Nasza Loteria SR - pasek na kartach artykułów

Phanomen na dziedzińcu. Zagadkowa fotografia z 1945 roku i widoczny na niej samochód

Marek Ponikowski
Zagadkowe zdjęcie ze zbiorów profesora Świsulskiego. Kiedy je wykonano?
Zagadkowe zdjęcie ze zbiorów profesora Świsulskiego. Kiedy je wykonano? Archiwum
Od profesora Dariusza Świsulskiego z Wydziału Elektrycznego Politechniki Gdańskiej dostałem niedawno e-mail ze zdjęciem w załączniku. "Kilka lat temu zakupiłem niewielką fotografię wykonaną przed gmachem głównym Politechniki Gdańskiej Krzyż nad głównym wejściem wskazuje, że w budynku tym mieścił się szpital. Niestety, sprzedający fotografię nie był w stanie podać dokładniejszych informacji na temat jej źródła i osób, które się na niej znajdują. () Mundur stojącego na zdjęciu obok pielęgniarki żołnierza wskazuje, że to Unteroffizier Wehrmachtu, odpowiednik plutonowego. Stojący za nimi ambulans to prawdopodobnie Phänomen Typ Granit 25H" - napisał pan profesor.
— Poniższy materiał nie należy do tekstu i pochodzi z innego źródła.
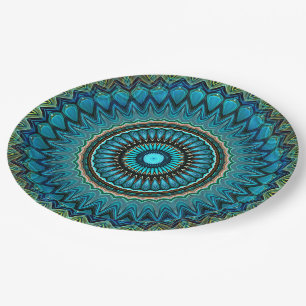Turquoise Teal Green Mandala Round Star Pattern Paper Plate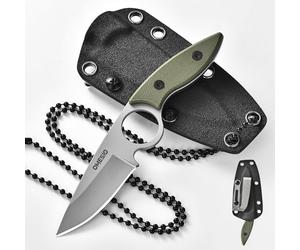 Omesio Couteau de cou - Avec clip Kydex fourreau et collier boule à accrocher - Couteau EDC - En acier 5CR13MoV G10 solide Poignée compacte Petite lame fixe Convient pour le camping et la randonnée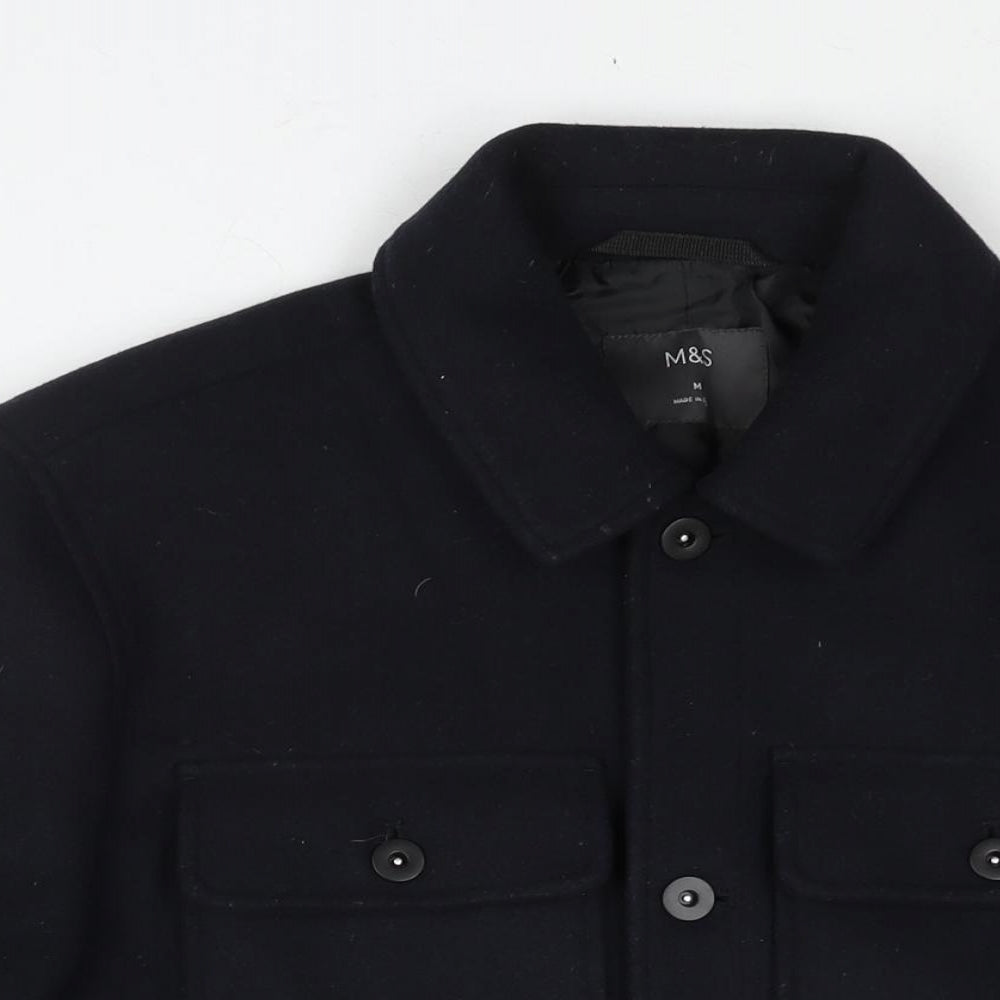 Marks and Spencer Mens Blue Pea Coat Coat Size M Button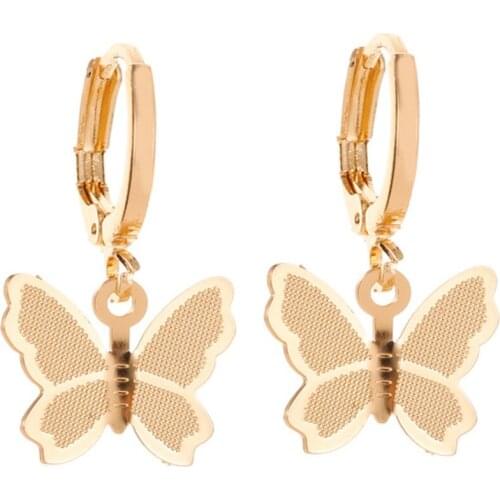 Gold Silver Color Cute Butterfly Pendant Hoop Earring for Women Trendy Fashion Cute Insect Hoop Earring Party Jewelry Gift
Patrząc na zdjęcie, podekscytowałem się pewnie nie mniej niż pan profesor w chwili, gdy je kupował. Fotografia z okresu, gdy w budynkach Technische Hochschule w Langfuhr działał wojskowy szpital, to przecież biały kruk! Kto z mieszkańców Danzig i broniących miasta żołnierzy myślał wówczas o robieniu zdjęć? Jeśli jednak ktoś wziął do ręki aparat i nacisnął spust migawki - czy można było potem te zdjęcia wywołać i skopiować, pod bombami sypiącymi się z samolotów i gradem pocisków artyleryjskich? Jakie były szanse, by fotografie przetrwały zagładę miasta?

***
Na zdjęciu przysłanym przez profesora Świsulskiego nic nie zapowiada tragedii, która pod koniec marca 1945 roku czekała szpital w gmachach Technische Hochschule. Żołnierz i sanitariuszka uśmiechają się do obiektywu, drugi żołnierz, ledwie widoczny na tle ozdobnych drzew, sięga do kieszeni, pewnie po paczkę papierosów, kilku innych stoi spokojnie w cieniu na prawym skraju kadru, nikt się nie krząta przy ambulansie i ciężarówce zaparkowanych przed głównym wejściem. Z fotografii wręcz tchnie spokojem. Jeszcze dziwniejsze jest co innego. Jak czytamy w oficjalnej historii Politechniki Gdańskiej, szpital wojskowy z 3 tys. łóżek zorganizowano "w kilka dni po odprawieniu transportu", którym na statku Deutschland wysłano do Kilonii ostatnią grupę pracowników uczelni wraz z rodzinami, a także 500 skrzyń zawierających "najcenniejszą aparaturę, książki i akta rektoratu".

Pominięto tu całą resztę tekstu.